§ What is required
Transcribe the records verbatim, images excluded.

§ Material for the task
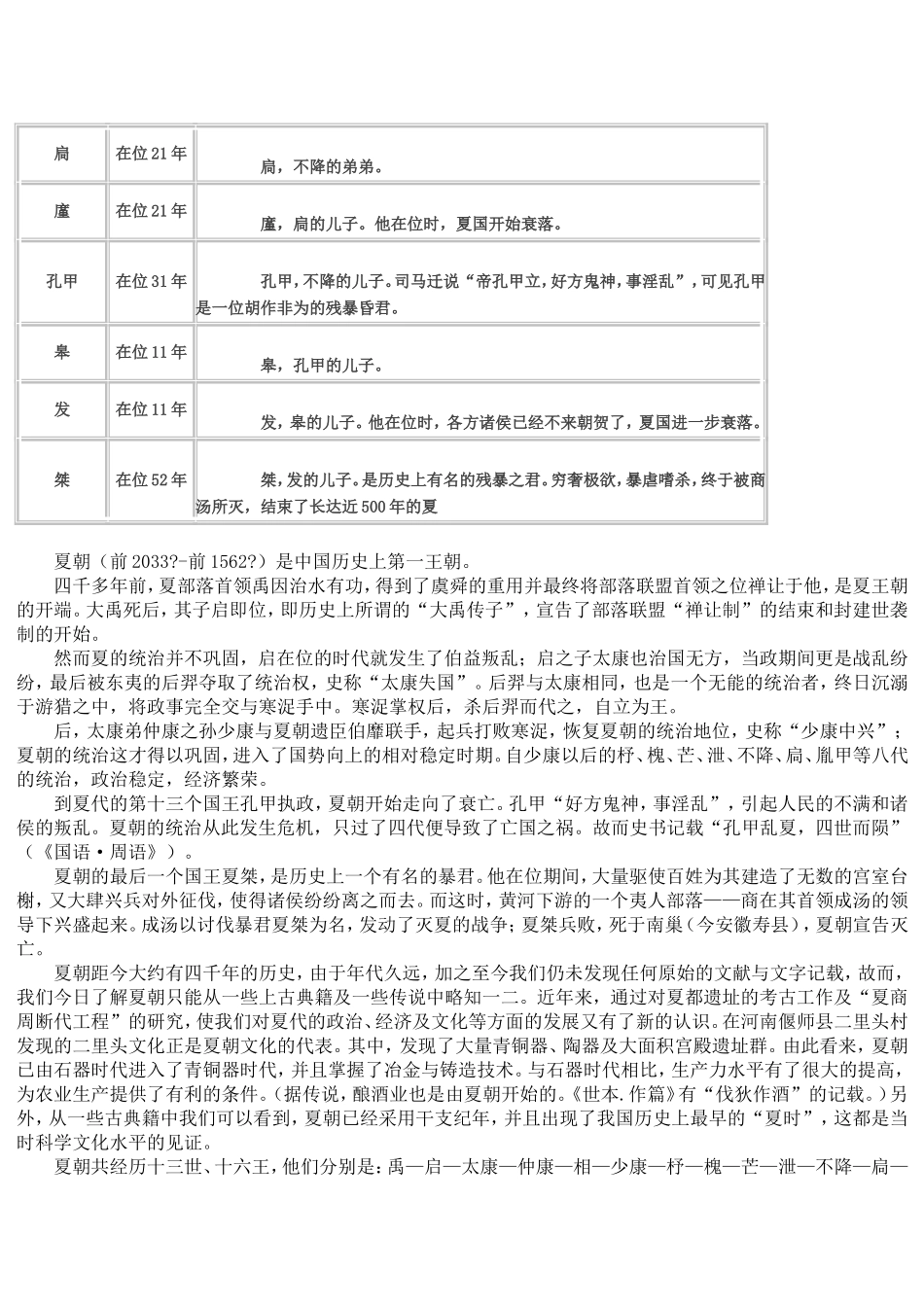 夏朝皇帝列表及简介_第2页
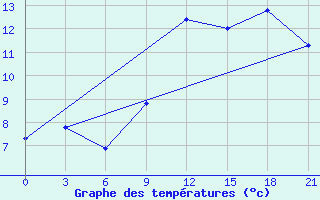 Courbe de tempratures pour Mahdia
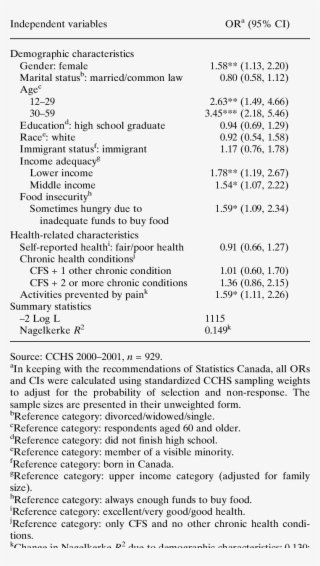 Summary Of Multivariate Logistic Regression Of Respondents #7505005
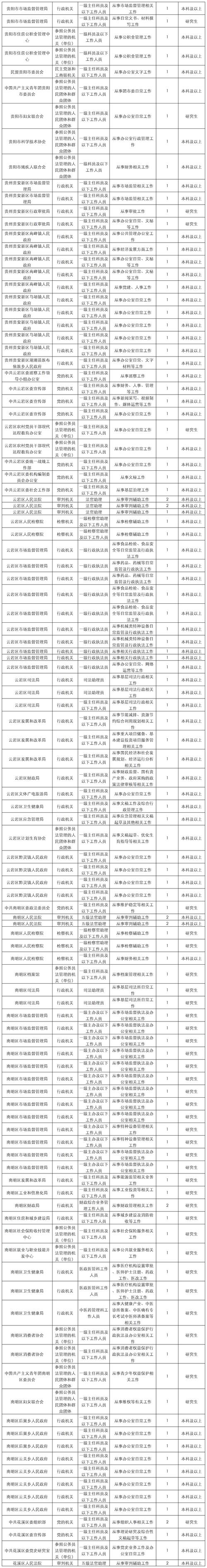 2025贵阳事业单位招聘何时开始?-图1 2025贵阳事业单位招聘何时开始?-图1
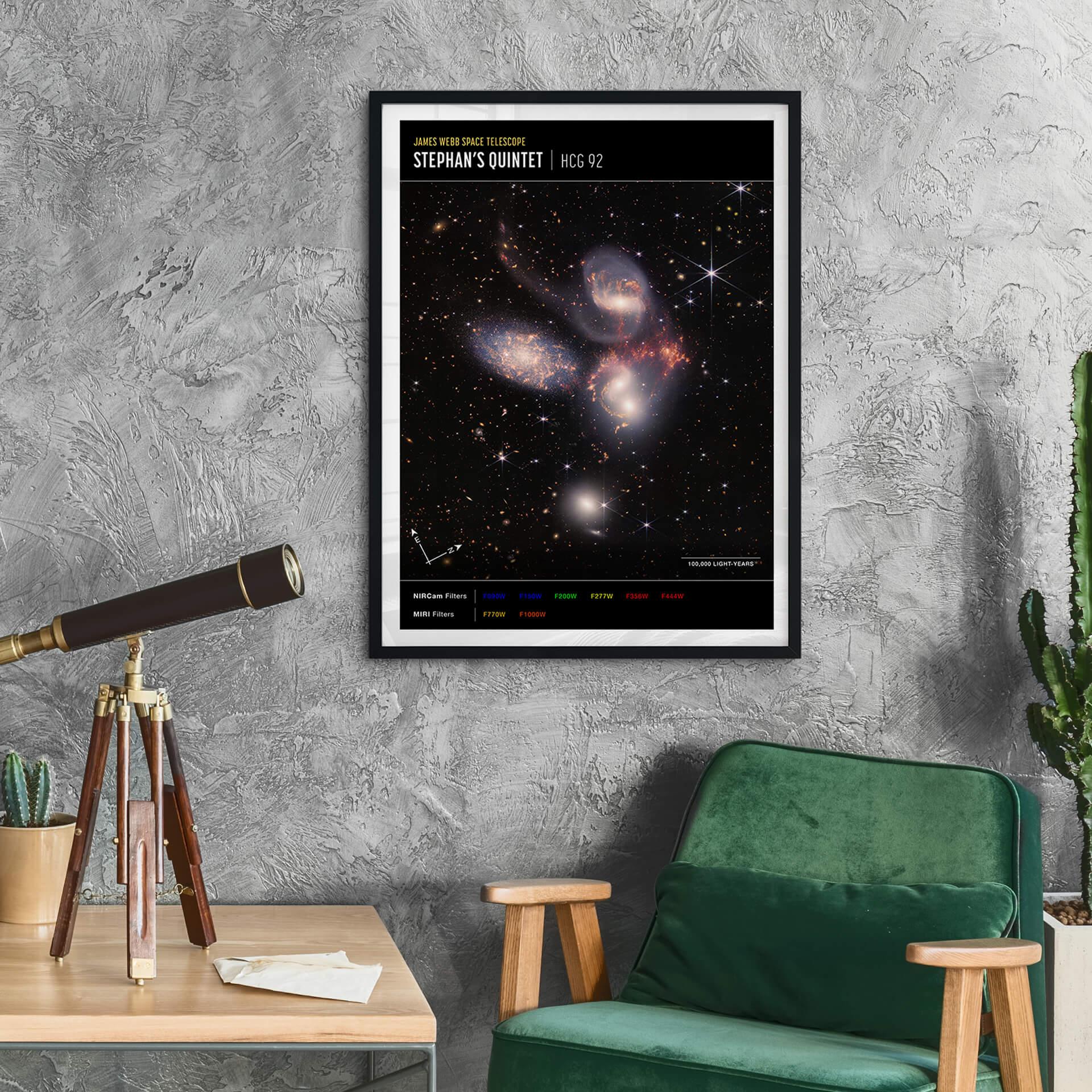 Poster James Webb Telescope - Stephan's Quintet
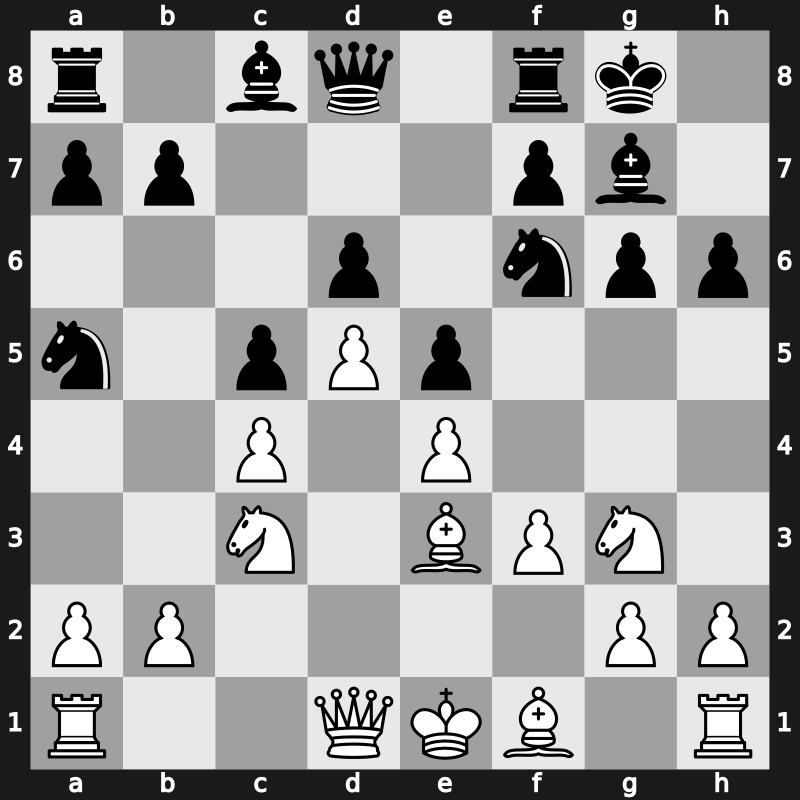 1970 Vinkovci – Round 9 – Petrosian, Tigran L. – 1-0 – Ozanic, Marijan – G44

§ Finished exercise
 夏朝皇帝列表及简介_第2页
 Courbe de tempratures pour Mahdia
 Summary Of Multivariate Logistic Regression Of Respondents #7505005
 2025贵阳事业单位招聘何时开始?-图1 2025贵阳事业单位招聘何时开始?-图1
 Poster James Webb Telescope - Stephan's Quintet
 1970 Vinkovci – Round 9 – Petrosian, Tigran L. – 1-0 – Ozanic, Marijan – G44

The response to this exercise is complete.